Friday, September 24

Lying as Strategy

"The first and most fundamental mistake was the president's failure to tell the truth to the American people." John Kerry

"The president also failed to level with the American people about what it would take to prevail in Iraq." John Kerry

This is how John Kerry calls President Bush a liar.

But he's wrong -- in fact, since he knows the truth, it looks like Mr. Kerry is lying.

Here's why:
The truth Kerry thinks should have been told to the American people wasn't known as a truth at the time, and is questionable even today. From the time the President went to the UN for help in ousting Hussein to the day of the invasion, Hussein had plenty of time to move weapons to Syria or Iran. Just because we haven't found them (although we did find the portable labs and the fuselages of airplanes where terrorists were trained) doesn't mean they didn't exist. After all, Hussein used them on his own people and fired scuds into Israel in the 1980s-1990s.

Kerry himself told the American people the exact same things the President did. In 1997, speaking on CNN, John Kerry said, "We know we can't count on the French. We know we can't count on the Russians. We know that Iraq is a danger to the United States, and we reserve the right to take pre-emptive action whenever we feel it's in our national interest." That's just one of the many statements he made along those lines in the 1990s and early 2000s. And he voted to give the President the power to go to war without the UN. According to the way he is defining lying, Kerry lied when he said that.

Then there's the charge that the President didn't "level" with the people about what it would take to prevail in Iraq. But he did...again and again President Bush has said this would be a long war and that it will take courage to "stay the course" as he puts it. Of course he didn't give specifics. No one knew what those specifics would be, and at the very beginning the President told us that. The only thing we knew when we went to war is that it would be hard. And that we would persist until we won.

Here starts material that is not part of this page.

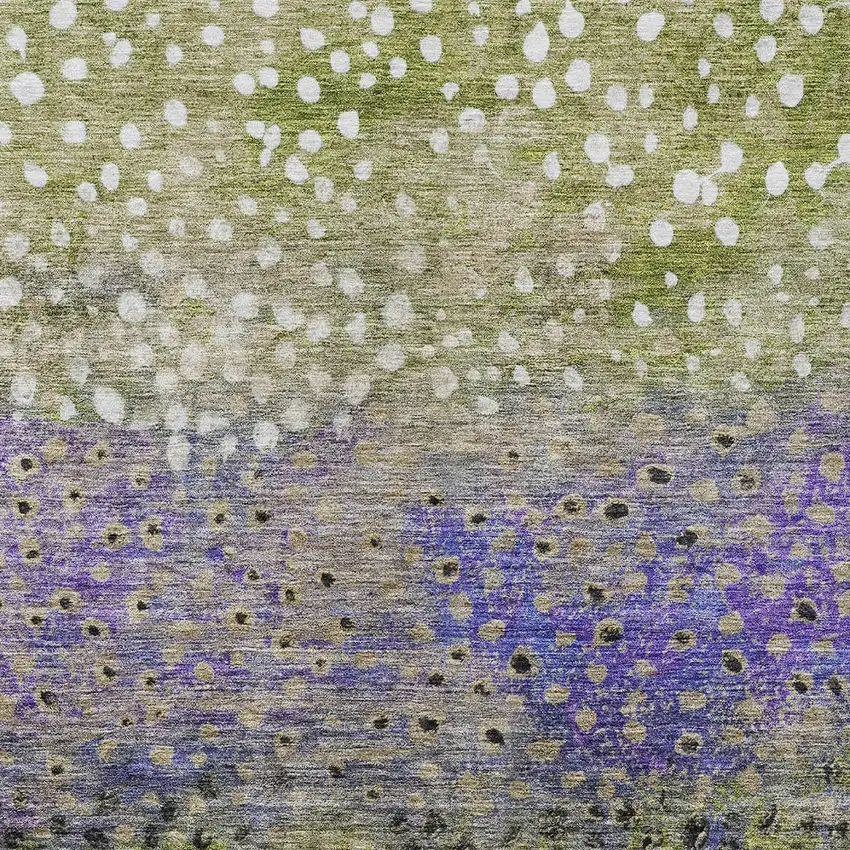 Green Purple And Black Abstract Washable Indoor Outdoor Area Rug Photo 5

In his speech to a joint session of Congress in 2001, President Bush said, "This war will not be like the war against Iraq a decade ago, with a decisive liberation of territory and a swift conclusion. It will not look like the air war above Kosovo two years ago, where no ground troops were used and not a single American was lost in combat.

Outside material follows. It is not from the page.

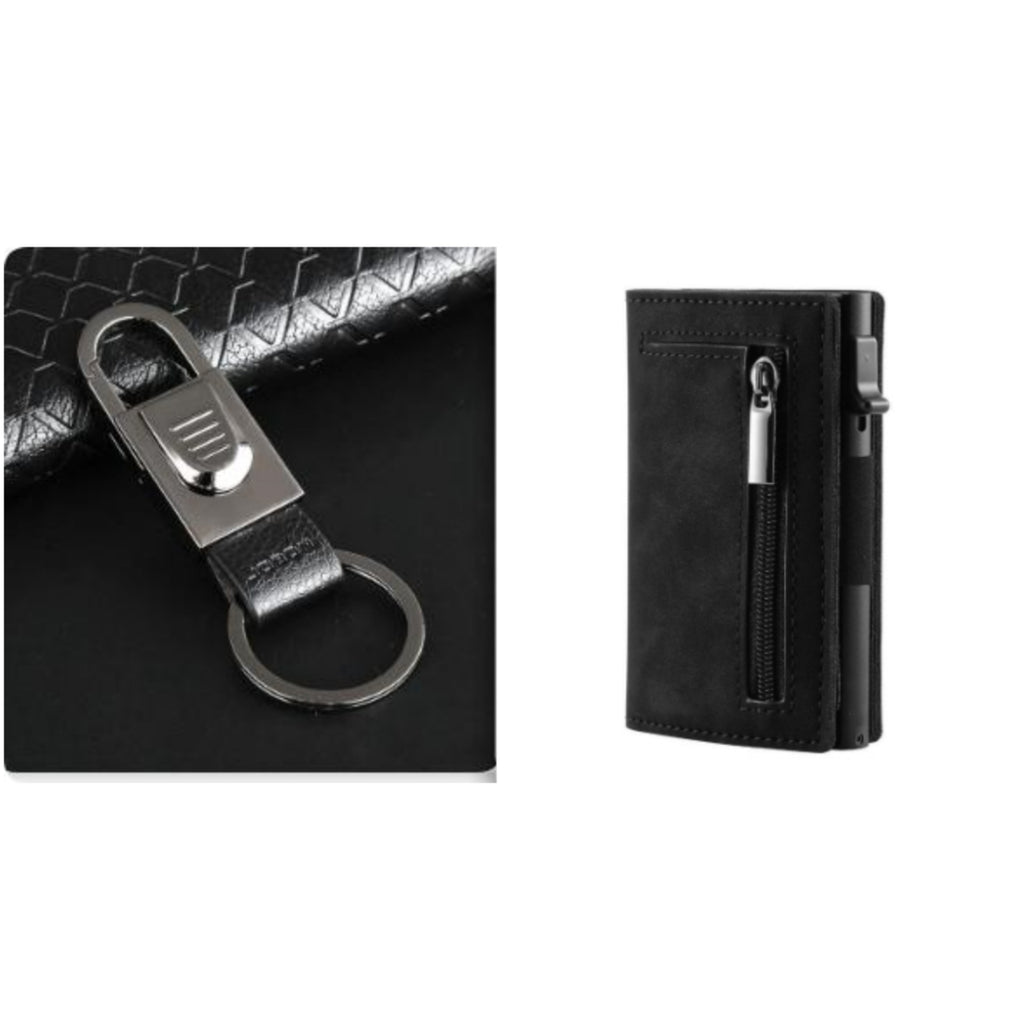 Ancien modèle de fibre de carbone Porte-carte multifonction en cuir pour hommes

"Our response involves far more than instant retaliation and isolated strikes. Americans should not expect one battle, but a lengthy campaign, unlike any other we have ever seen. It may include dramatic strikes, visible on TV, and covert operations, secret even in success. We will starve terrorists of funding, turn them one against another, drive them from place to place, until there is no refuge or no rest. And we will pursue nations that provide aid or safe haven to terrorism." That's about as honest as you can be about war.

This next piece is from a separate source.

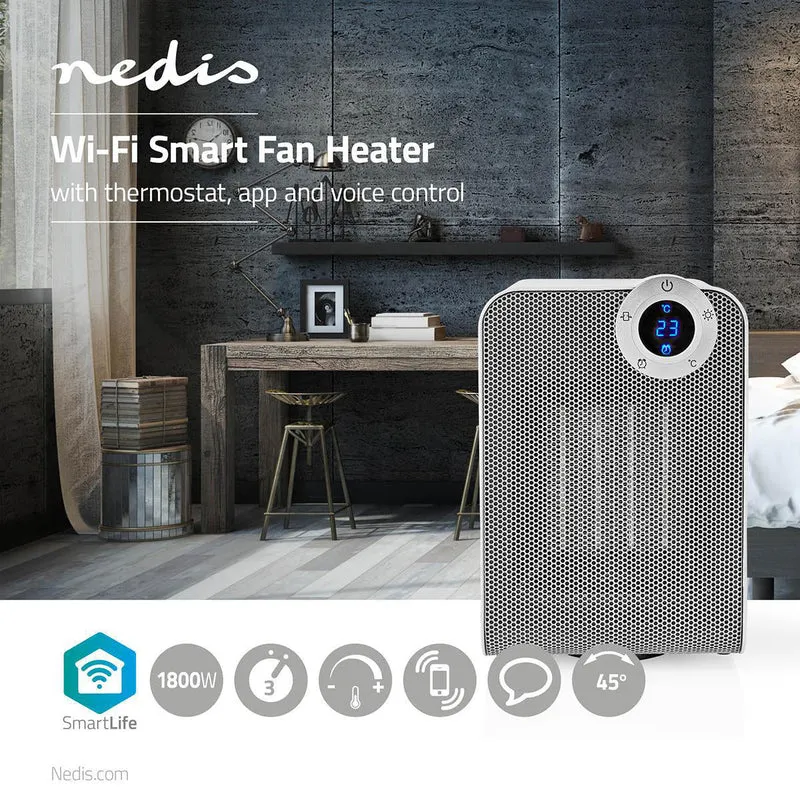 Nedis Aquecedor Wireless Compacto 1800W Inteligente Wifi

Kerry said today (Sept. 24)"I will finish the war in Iraq.” He doesn't say he will finish the job we started in Iraq; that he will see that the lives already lost will not have been lost in vain. Kerry is a quitter. He demonstrated that in Viet Nam and when he came home from the war.

Merriam Webster defines a lie as "an assertion of something known or believed by the speaker to be untrue with intent to deceive." It's clear that the President believed every word he said about Iraq. The secondary definition is the one Kerry relies on, and that is "something that misleads or deceives," This definition ignores intent and also doesn't consider when the deception occurs. Kerry assumes that any fact or statement that was believed when it was first presented is a lie if new information that fact or statement is determined to be inaccurate later. I don't think that's the traditional understanding of lying. If so, there are an awful lot of liars -- from scientists to teachers. That secondary definition clearly speaks to intent.

Therefore it is painfully clear that Mr. Kerry's strategy of accusing the President of lying is, in itself, a lie.


2 comments:

Karlo said...

So your saying that Bush really though Chalabi (a convicted criminal with a stake in a possible war) was telling the truth? A mountain of evidence before the war was somehow ignored. Was this merely a miscalculation? Let's not be naive.

Unknown said...

. I said very clearly in my statement on the Senate floor that I was committed to getting Saddam Hussein out of Kuwait ... and that I was prepared to go to war if it took that ..." (ABC’s "Nightline," 11/27/95)

Kerry, on December 11, 2001, talking about Iraq’s terrorist activities: "[Saddam Hussein] is and has acted like a terrorist, and he has engaged in activities that are unacceptable."

Kerry, on December 14, 2001, talking about Iraq’s central place in the war on terror:
"I think we clearly have to keep the pressure on terrorism globally. This doesn’t end with Afghanistan by any imagination. And I think the president has made that clear. I think we have made that clear. Terrorism is a global menace. It’s a scourge. And it is absolutely vital that we continue, for instance, Saddam Hussein."

SEN. JOHN KERRY: "[I]t is something that we know-for instance, Saddam Hussein has used weapons of mass destruction against his own people, and there is some evidence of their efforts to try to secure these kinds of weapons and even test them." (CBS’ "Face The Nation," 9/23/01)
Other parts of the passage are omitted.